Last post was about my father in the closing days of WWII. After his wounds had healed, he was returned to his unit, now in occupied Bavaria.
How he felt about the German soldiers he fought, he never did say. In his stories, he never shot them — just scared them a bit. Somewhere along the line he had ditched his M1 Garand for a Thompson sub-machine gun with a broken stock. He carried it (he said) one handed by the pistol grip; in combat he pulled the trigger and recoil sent the muzzle swinging up and to the left, with a spray of bullets that sent the enemy sprinting for cover.
It was a good, clean story for the wife and kid, but once he almost slipped in the middle of telling it. Comfort and humor almost got swamped by blood and truth. He changed the subject. There is no doubt in my mind that, like a million other WWII veterans, he only told what his audience could bear to hear.
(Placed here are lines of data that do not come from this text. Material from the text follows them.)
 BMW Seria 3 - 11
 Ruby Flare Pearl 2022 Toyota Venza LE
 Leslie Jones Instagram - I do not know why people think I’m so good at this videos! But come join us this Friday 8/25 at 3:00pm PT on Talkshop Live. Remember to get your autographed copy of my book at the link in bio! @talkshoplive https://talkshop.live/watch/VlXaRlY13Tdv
His feelings about German civilians were quite clear; these were his kind of people. Bavaria was a long way from the seats of power, and these were farmers and poor shopkeepers. He hated Nazis, and German generals, and politicians, but he liked the local people and they liked him. So did their daughters.
My father was handsome young man, full of life, full of fun, and he had money. The young German men were gone. They had gone to war and were now dead or in Allied POW camps. The German civilians were hungry. As I read between the lines of his stories, my father kept several families fed, in exactly the same way my grandfather kept several families of out of work townsmen fed with produce from his farm during the depression.
My father’s feelings for his Bavarian Germans were conditioned by his childhood. These were working people, like his own family and friends, and like the German settlers that lived around Owasso, Oklahoma where he was raised.
He fell in love with a German girl and they planned marriage, but he discovered that to marry her, he would have to reenlist and remain in Germany two more years. He was a homesick farm boy, ready to feel the Oklahoma dirt beneath his feet again, so he left his German girlfriend and came home. A year later he married. A year after that, I was born.